Это вообще странная, дикая история – как я попала в заколдованный лес. Нет, чары существуют, это не сказка, я на себе испытала. Ясно, что любовь никогда не попадёт в эту очерченную мрачным запретом душу, но ещё что-то мерцало, не давало совсем уйти, то есть внутренне уйти от этого «человека». Я что-то значила в его жизни, может быть, мною его испытывали. Я иногда думаю, что мною испытывают людей, проверяют их на что-то. Вдруг человек увеличивается и входит в сознание и душу необычно, как драма, как источник радостей и тревог, как научная дисциплина, которую мне надо постичь.
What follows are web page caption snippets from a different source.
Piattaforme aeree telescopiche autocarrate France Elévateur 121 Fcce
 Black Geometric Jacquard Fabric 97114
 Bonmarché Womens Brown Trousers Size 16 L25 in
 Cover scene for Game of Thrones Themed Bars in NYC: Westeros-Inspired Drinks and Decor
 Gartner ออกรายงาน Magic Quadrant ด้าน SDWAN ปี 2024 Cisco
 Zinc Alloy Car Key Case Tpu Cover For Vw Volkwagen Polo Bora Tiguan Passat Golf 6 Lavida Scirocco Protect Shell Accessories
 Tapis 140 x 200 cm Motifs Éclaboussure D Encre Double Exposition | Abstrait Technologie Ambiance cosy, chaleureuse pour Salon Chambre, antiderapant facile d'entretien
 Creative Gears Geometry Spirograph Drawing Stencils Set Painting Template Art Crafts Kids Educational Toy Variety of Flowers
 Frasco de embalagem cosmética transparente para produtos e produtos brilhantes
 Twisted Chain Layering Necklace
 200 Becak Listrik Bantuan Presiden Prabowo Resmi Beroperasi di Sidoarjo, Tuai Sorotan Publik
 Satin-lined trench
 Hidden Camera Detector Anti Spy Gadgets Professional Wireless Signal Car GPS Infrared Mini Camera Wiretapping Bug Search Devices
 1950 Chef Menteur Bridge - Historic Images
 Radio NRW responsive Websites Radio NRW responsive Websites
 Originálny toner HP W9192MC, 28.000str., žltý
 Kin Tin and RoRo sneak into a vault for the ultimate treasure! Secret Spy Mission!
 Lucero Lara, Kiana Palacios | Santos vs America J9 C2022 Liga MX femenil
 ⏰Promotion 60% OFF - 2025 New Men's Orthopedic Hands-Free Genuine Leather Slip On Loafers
Я принимаю это. Я иду до конца, до точки, за которой – унижение моего достоинства, несовместимое с жизнью. Тут я останавливаюсь. До точки – дарю себя безоговорочно. После – ничего не может быть, обрыв. Стакан морса был такой точкой. Разумеется, не в морсе дело. В ощущении чужеродности и в сознании того, что это конец. Конечно, я всё надеялась, что он сыграет «Рождение богов», мою пьесу, написанную в 1996 году. Я до сих пор люблю её – в ней ничто не испортилось, не устарело. Правда, есть в ней какая-то загадка. Она смущает людей, волнует, потрясает даже – и смущает. Тайна какая-то. Что-то я открыла превышающее современность в этой штуке. Я давно никому её не давала – надо попробовать снова. Может, Стукалову? А Н. Н. сказал, что пьеса хорошая, и перестал потом вообще что-либо говорить на эту тему. Зачем ему ставить, трудиться, чтоб потом говорили – ах, какая пьеса. Делить славу – увольте. Лучше взять беспомощного драмодела, бесцветных мальчиков-девочек и царить над ними. Эгоцентризм за гранью разумного. Вот так вот, всё ищу союза, братства, взаимопонимания и взаимопомощи, а в ответ – ау! ау! А какой мог бы быть спектакль по «Рождению богов».
Никаких обид, никаких претензий. Ушла, и всё. Позвонила только один раз, после гастролей в 2001 году, стала рассказывать о впечатлении. Долго, по мобильному. Он сказал изумлённо: «Ты была на спектакле и не зашла? Ну, Москвина, ты даёшь…» Спрашивал, когда приеду в Москву. Договорились, что позвоню. Не позвонила. Не могла.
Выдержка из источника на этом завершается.